Task prompt:
Repeat the listing word for word. No pictures belong in the copy.
━━━━━━━━
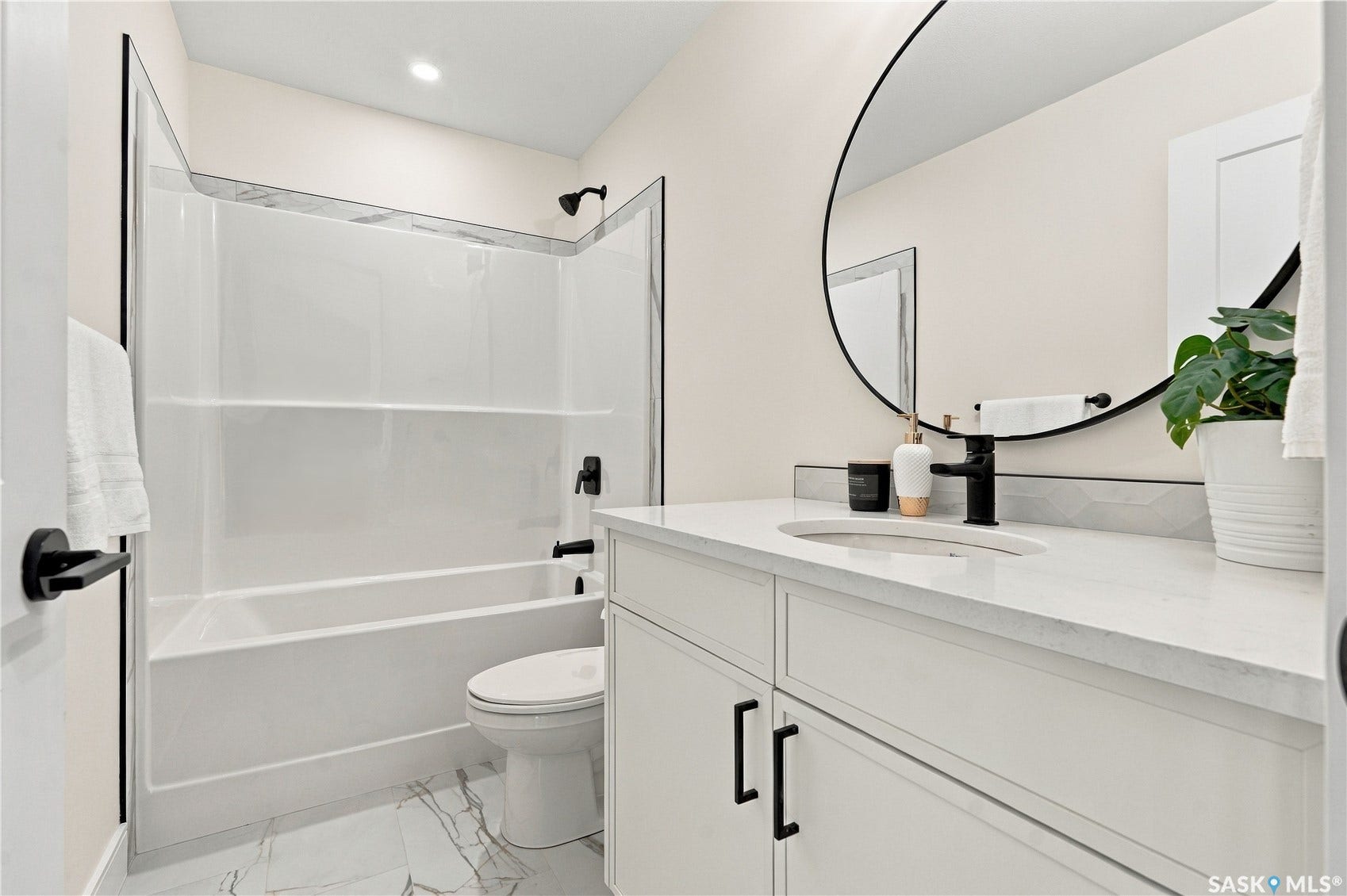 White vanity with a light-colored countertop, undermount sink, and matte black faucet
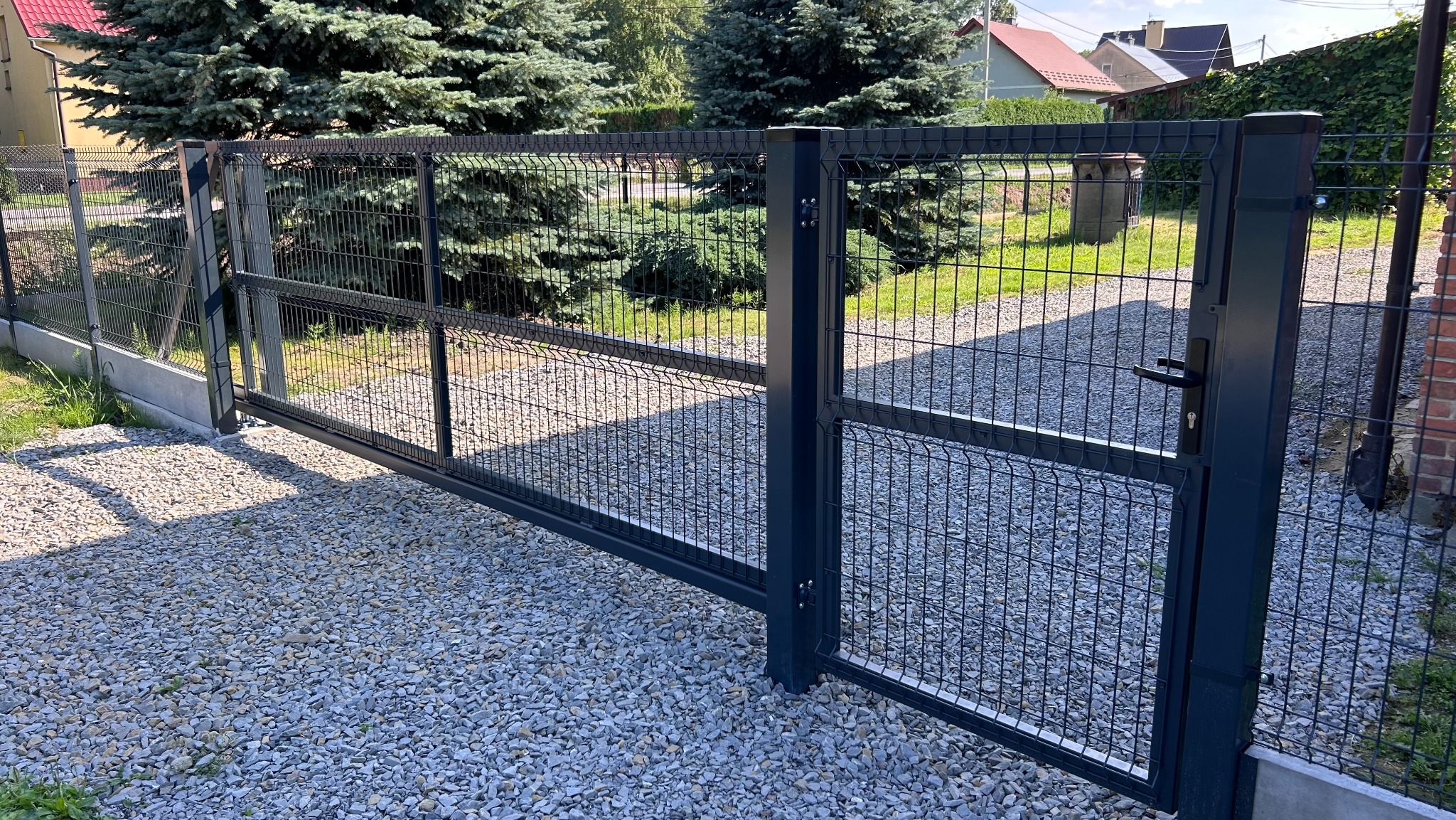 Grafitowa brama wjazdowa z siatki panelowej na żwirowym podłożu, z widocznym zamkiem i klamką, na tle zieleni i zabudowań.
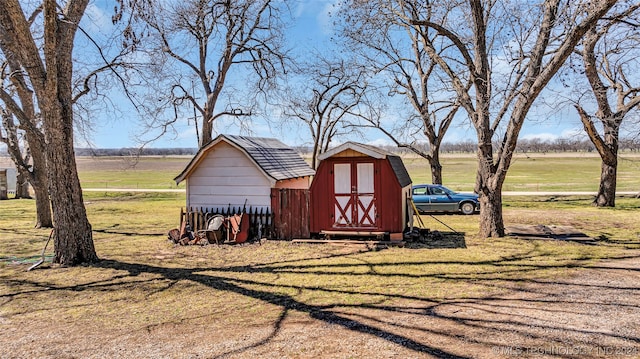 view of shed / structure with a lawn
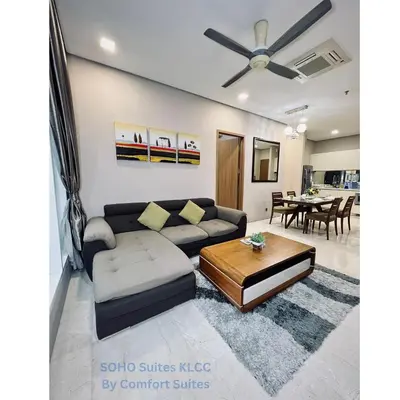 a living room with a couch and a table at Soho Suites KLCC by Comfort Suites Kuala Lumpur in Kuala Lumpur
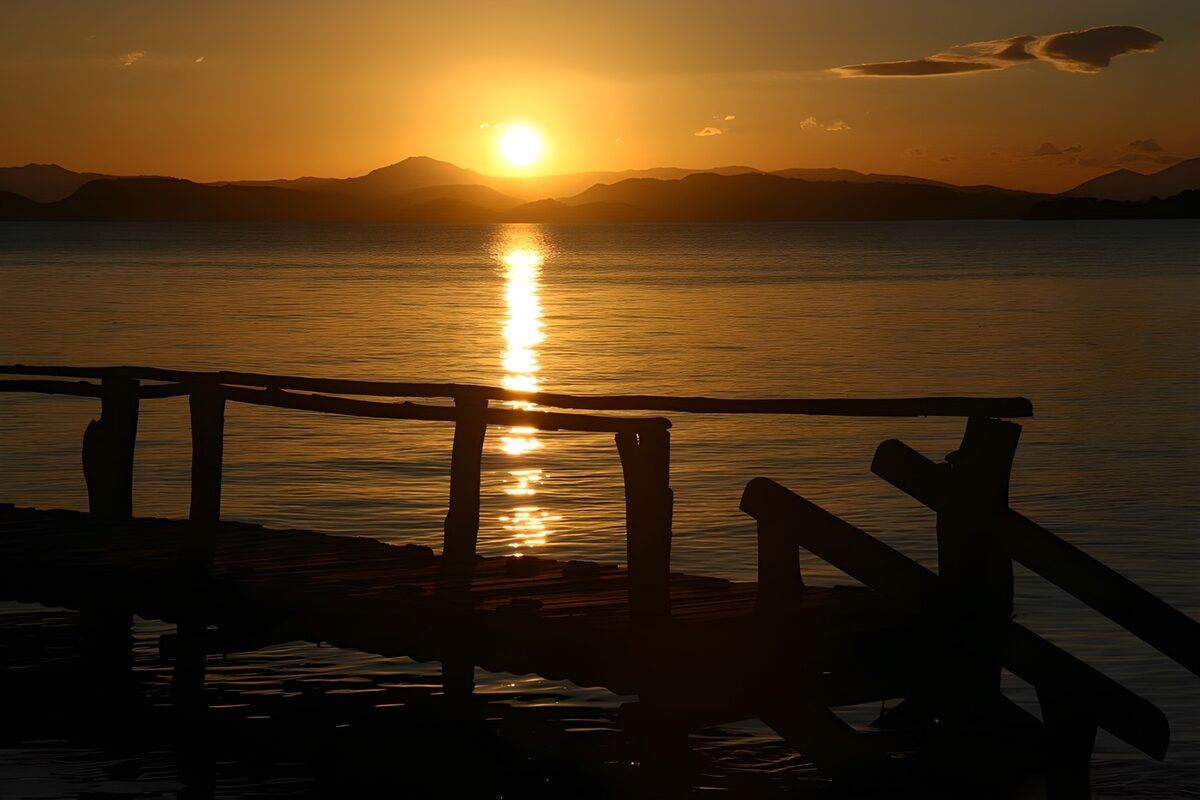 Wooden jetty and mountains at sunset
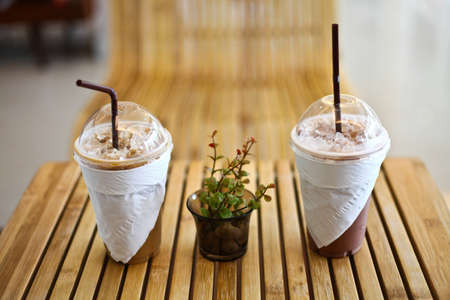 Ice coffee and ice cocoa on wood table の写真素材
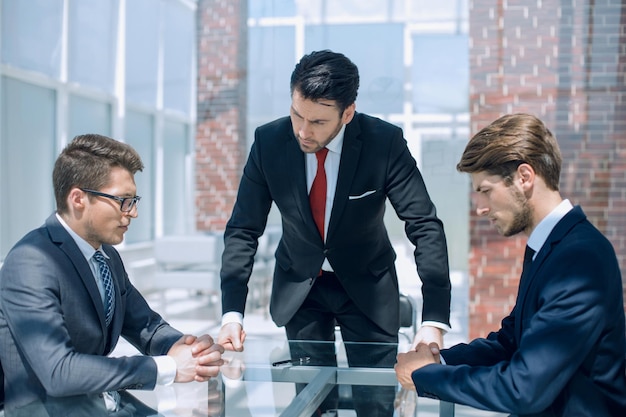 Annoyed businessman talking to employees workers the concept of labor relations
━━━━━━━━
Expected answer:
 White vanity with a light-colored countertop, undermount sink, and matte black faucet
 Grafitowa brama wjazdowa z siatki panelowej na żwirowym podłożu, z widocznym zamkiem i klamką, na tle zieleni i zabudowań.
 view of shed / structure with a lawn
 a living room with a couch and a table at Soho Suites KLCC by Comfort Suites Kuala Lumpur in Kuala Lumpur
 Wooden jetty and mountains at sunset
 Ice coffee and ice cocoa on wood table の写真素材
 Annoyed businessman talking to employees workers the concept of labor relations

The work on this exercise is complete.